In this, influence is proportionate to the expertise we bring to the table. Our own scientific, academic and diplomatic resources are a valuable asset to the creation of regulation thus can be used as a bartering chip. It is at the consultation stage where we see the most international cooperation, largely to ensure that a piece of legislation is suitably workable so that it will pass a vote.
With this in mind remainers largely overestimate the value of having a formal vote further down the chain. What matters is our approach to the consultation, cooperating in good faith and participating in all the informing bodies that draft regulation. In this it is unimaginable that the UK would not be a leading voice from outside the EU.
In this we see the involvement of British NGO's unions, consumer groups and business associations. They are among the best in the world and their competence is in no way contingent on EU membership. To view it purely in terms of the overpaid button pushers in the European Parliament is to discount 90% of the process. It's a two dimensional and rather childish interpretation.
It's not even as if any real scrutiny is applied by MEPs. Most MEPs know very little and have no real expertise. Most of them don't even know what they're voting for. They work to lists provided by their groups. They won't know whether it's ordinary legislative procedure, or whether it's first reading in response to comitology. To them, it's just a vote that they turn up to, in order to press a button. Trying to have sensible discussions with them about what they voted for is usually a total waste of time. They don't have the knowledge and most times they don't have any real understanding of what they are doing.
As to amendments, most are for show only and get discarded.
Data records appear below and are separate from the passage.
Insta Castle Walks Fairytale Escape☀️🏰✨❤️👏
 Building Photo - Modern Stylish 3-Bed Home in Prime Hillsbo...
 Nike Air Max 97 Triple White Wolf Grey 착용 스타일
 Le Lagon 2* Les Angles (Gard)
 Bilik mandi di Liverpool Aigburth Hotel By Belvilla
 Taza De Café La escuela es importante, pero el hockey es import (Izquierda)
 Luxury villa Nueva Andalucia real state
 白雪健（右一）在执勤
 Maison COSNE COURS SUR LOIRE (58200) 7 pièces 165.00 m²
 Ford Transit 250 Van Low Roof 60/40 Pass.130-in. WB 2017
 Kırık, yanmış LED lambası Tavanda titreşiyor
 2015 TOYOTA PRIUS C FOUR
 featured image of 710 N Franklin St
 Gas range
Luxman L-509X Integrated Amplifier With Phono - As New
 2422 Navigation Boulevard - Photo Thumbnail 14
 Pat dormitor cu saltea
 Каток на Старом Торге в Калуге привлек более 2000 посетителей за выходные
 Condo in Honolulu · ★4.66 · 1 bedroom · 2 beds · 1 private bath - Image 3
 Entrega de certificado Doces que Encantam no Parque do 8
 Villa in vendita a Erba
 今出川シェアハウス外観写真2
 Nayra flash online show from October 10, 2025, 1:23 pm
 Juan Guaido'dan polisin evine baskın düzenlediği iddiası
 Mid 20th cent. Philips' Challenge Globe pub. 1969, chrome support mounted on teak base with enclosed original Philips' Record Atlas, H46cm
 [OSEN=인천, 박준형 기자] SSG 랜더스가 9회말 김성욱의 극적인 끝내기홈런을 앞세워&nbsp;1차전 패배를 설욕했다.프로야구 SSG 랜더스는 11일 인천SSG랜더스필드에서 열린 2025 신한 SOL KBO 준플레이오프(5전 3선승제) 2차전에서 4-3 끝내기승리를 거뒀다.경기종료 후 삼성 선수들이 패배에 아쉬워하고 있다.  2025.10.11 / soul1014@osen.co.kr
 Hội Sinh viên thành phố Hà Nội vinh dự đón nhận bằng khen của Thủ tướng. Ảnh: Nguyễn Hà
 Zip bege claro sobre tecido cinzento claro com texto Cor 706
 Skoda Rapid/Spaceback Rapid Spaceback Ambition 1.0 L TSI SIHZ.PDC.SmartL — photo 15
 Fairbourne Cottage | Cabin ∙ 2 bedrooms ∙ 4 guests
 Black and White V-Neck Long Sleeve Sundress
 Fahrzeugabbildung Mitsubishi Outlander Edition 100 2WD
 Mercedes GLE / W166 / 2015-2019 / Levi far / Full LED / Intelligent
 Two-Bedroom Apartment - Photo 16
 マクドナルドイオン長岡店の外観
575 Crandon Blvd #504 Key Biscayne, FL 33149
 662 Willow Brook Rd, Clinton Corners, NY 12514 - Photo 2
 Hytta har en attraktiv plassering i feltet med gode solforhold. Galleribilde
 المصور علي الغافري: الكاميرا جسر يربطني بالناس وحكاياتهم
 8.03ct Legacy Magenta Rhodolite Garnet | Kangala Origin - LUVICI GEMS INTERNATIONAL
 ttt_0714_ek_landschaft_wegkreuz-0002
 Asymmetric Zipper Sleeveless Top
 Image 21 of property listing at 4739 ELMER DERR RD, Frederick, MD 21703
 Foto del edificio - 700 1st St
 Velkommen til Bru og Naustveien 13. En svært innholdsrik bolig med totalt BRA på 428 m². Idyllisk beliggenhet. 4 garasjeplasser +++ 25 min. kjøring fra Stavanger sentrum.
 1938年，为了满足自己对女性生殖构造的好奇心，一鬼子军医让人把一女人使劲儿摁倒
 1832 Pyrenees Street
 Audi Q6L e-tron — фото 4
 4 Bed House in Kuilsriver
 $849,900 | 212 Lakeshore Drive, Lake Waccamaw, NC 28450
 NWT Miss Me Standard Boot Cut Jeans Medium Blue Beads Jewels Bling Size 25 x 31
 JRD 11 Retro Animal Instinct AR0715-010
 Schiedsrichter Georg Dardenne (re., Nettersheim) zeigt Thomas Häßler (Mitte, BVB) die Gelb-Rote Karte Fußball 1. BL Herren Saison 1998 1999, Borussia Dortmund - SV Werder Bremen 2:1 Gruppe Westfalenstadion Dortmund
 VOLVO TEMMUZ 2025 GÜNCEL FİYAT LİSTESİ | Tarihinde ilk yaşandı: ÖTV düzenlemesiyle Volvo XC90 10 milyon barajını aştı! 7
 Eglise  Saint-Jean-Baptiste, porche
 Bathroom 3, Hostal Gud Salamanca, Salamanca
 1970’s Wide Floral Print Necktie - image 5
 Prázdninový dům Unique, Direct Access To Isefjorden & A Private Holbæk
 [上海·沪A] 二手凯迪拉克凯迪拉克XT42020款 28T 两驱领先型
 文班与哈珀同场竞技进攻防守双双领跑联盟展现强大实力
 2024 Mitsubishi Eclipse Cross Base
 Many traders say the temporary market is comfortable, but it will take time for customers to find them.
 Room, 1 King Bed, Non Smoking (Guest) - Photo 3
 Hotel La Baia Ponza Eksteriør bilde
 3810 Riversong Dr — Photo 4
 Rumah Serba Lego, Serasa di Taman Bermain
The ones that stick are the official amendments which will bring the text into synchronisation with the original text but, whatever happens, on technical standards, if they come from international sources, the details can't be changed.
Very often, though, you get MEPs showboating and virtue signalling, putting in amendments for the sake of it. These are stripped out during the voting, and have no effect whatsoever. So when it comes down to it, when remainers say we would have no seat at the table, they just mean one particular table, way down the chain and one not actually all that important to the legislative process.
We have heard much about being outward looking and engaging with the world over the last year. This is what it really looks like. For decades we have has a narrow eurocentric view with our attention focussed on the middleman, failing to engage in decisions made at the very top of global governance where anonymous cooperation agreement have far reaching consequences where even the EU is oblivious.
The truth that all sides of the debate will have to come to terms with is the fact that our whole approach to trade is obsolete. The leavers have some gloriously naive ideas about how trade works but by the same token the remainers massively overestimate the significance of the EU.
Looking at the EUs flagship CETA and TTIP deals we can see then headed to the rocks simply because of the dilemmas conflicting bilateral regimes create. We are locked into regional partitions when the real business of trade and regulation has gone global in a big way and governments are no longer in control of it.
If we want to break the deadlock we have to start thinking about trade in a different way. We have to think and act globally and we have to drop our bizarre fixation with tariffs. It really is bicycle shed syndrome. Non tariff barriers are choking global trade and increasing all the time. Only through acting globally can we smash them down. Bilateral deals may sound appealing but like the EU, that thinking belongs to the previous century.